From: Aleksey Gurtovoy (agurtovoy_at_[hidden])
Date: 2003-05-30 06:15:25
Beman Dawes wrote:
> One possible short-term fix might be to run the MPL tests separately,
> and post them as a separate table.
That's what we plan to do, although format of the table probably going
to be different - please see below.
> Long term, some kind of hierarchical approach might help with the
> reporting side of the equation. Perhaps with an intermediate web page
> that collapses all a library's tests down to one line. Rene's
> summary page shows that a relatively small organization effort can
> make reporting much more accessible.
> Ideas appreciated.
IMO it's worth to step back and try to answer a couple of "big picture"
1) What are the target audiences for the regression test results?
2) What kind of information these audiences are looking to find in
Answering these is actually simple - first, as usual, there are two
primary audiences here - boost users and boost developers.
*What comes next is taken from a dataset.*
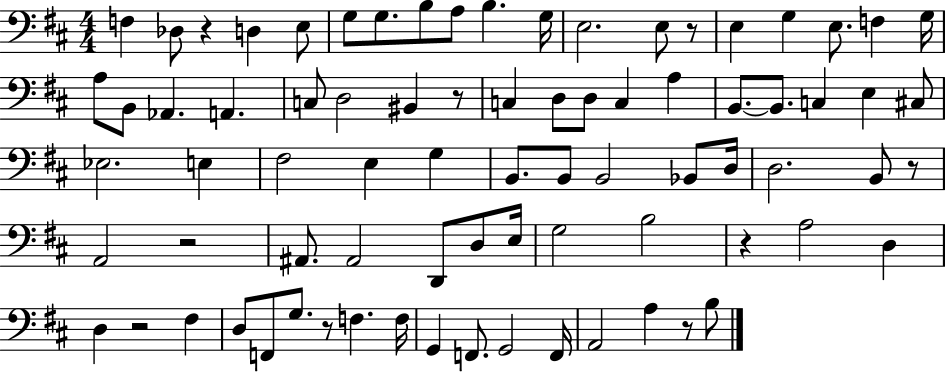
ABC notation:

Now, IMO,
when going to the regression results page, these two groups are looking
for the answers on quite different questions.
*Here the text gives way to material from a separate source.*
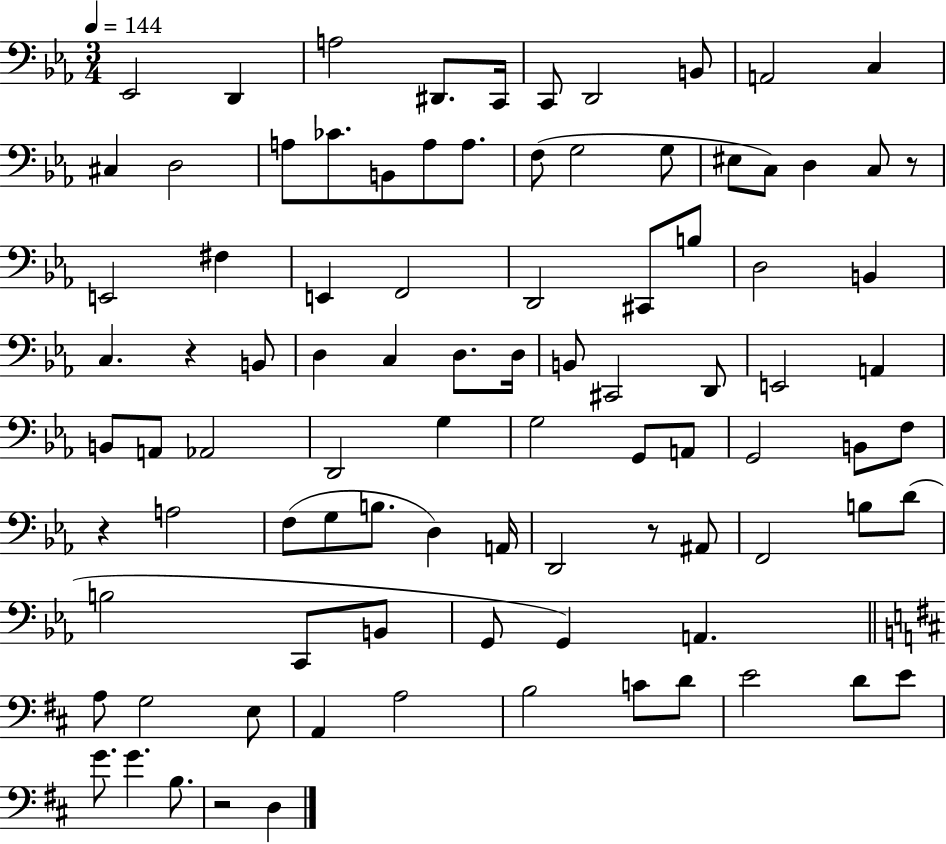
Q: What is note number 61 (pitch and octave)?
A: A2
I would argue that for a user _the_ dominant motive to study the
regression results is to find out whether a particular library works on
a particular compiler(s) she uses. What's tricky about it is that often
"works" doesn't necessarily equals to "all tests are passing". It's
quite common for a library to fail a few corner-case tests, tests of
seldom-used functionality, or advanced functionality that demand a high
standard conformance, and yet in practice be perfectly usable with many
of those compilers. As a matter of fact, if you analyze the current
compiler status table for, let's say MSVC 6.5, you will see that _most_
of the boost libraries fall into this "works with caveats" category.
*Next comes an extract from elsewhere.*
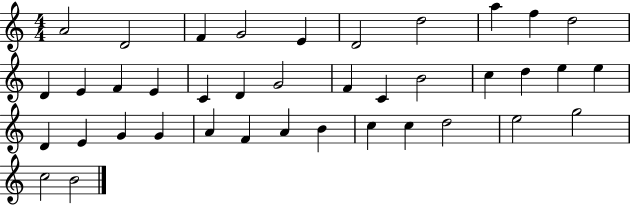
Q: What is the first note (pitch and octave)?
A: A4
Well, except that if you are indeed a user, you don't know that because
when looking at the particular tests' failures you have no idea whether
these are show stoppers or not, and if not, what do the failures
_mean_, in user-level terms.
And then of course, even if the tests did provide you with that
information, you don't want to browse through several pages of them
collecting everything together to make the conclusion. IMO, ultimately,
the perfect user report should be a table filled with nice green and
red cells on library/compiler crossings which simply said "works",
"doesn't work", or "works with caveats" and linked to a more detailed
report, still in the user-level terms (something like "pass", "fail,
feature X is not available", or "fail, show stopper" for every
standalone library test).
Now, that was a user position. If you wearing the developer's hat,
though, you are not really interested whether a particular library
works on a certain compiler; or, rather, you already know it because
you are the library author. Instead, here, the primary reason to check
regressions results is to make sure that none of the recent changes in
the CVS lead to, well, regression in the library's functionality (or
better yet, to be automatically notified if this happens). The failures
that are known are not nearly as interesting to you as a change in the
failures pattern. And just like the user, you don't want to gather this
information from pieces. Basically, you want the same field of
green/red cells as a user, one row per library, only in this case green
would mean "nothing's broken" (comparing to expected failures picture),
and red would mean "somebody broke something". Ideally, red on the
developers' report would be a quite rare event.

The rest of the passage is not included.